WHAT YOU HAVE TO DO – In the entries that follow, locate the line with "Halter Cordano", then restate that line and all later lines exactly as they appear, leaving pictures out.
________________
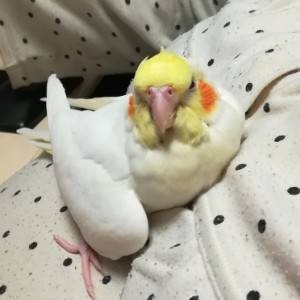 わたわた・日常動画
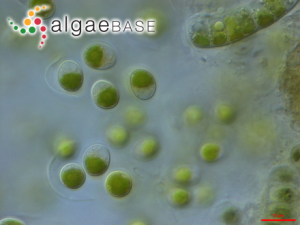 小球藻，Chlorella vulgaris Beyerinck ?(Algaebase:5688)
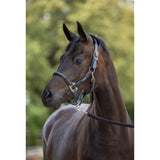 Halter Cordano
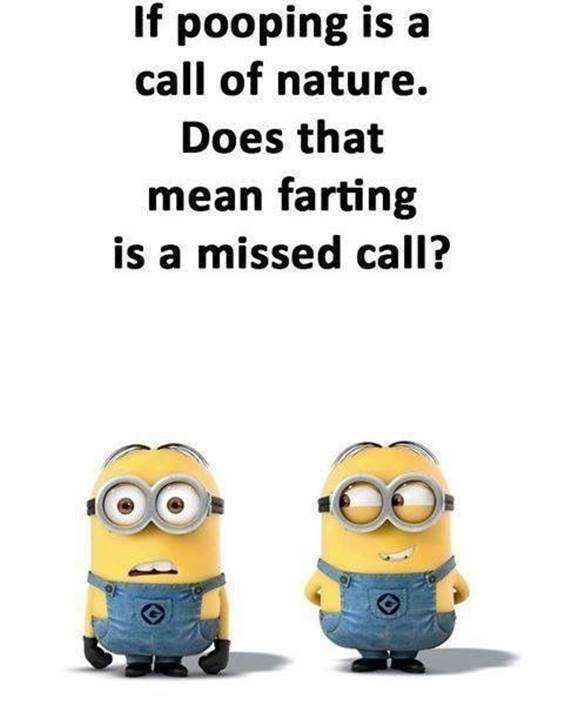 45 Funny Jokes Minions Quotes With minion images and despicable me minion quotes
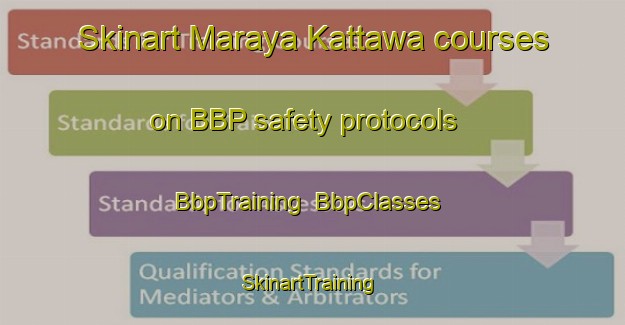 Skinart Maraya Kattawa courses on BBP safety protocols | BbpTraining | BbpClasses | SkinartTraining-Nigeria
________________
OUTPUT FOR THIS TASK –
 Halter Cordano
 45 Funny Jokes Minions Quotes With minion images and despicable me minion quotes
 Skinart Maraya Kattawa courses on BBP safety protocols | BbpTraining | BbpClasses | SkinartTraining-Nigeria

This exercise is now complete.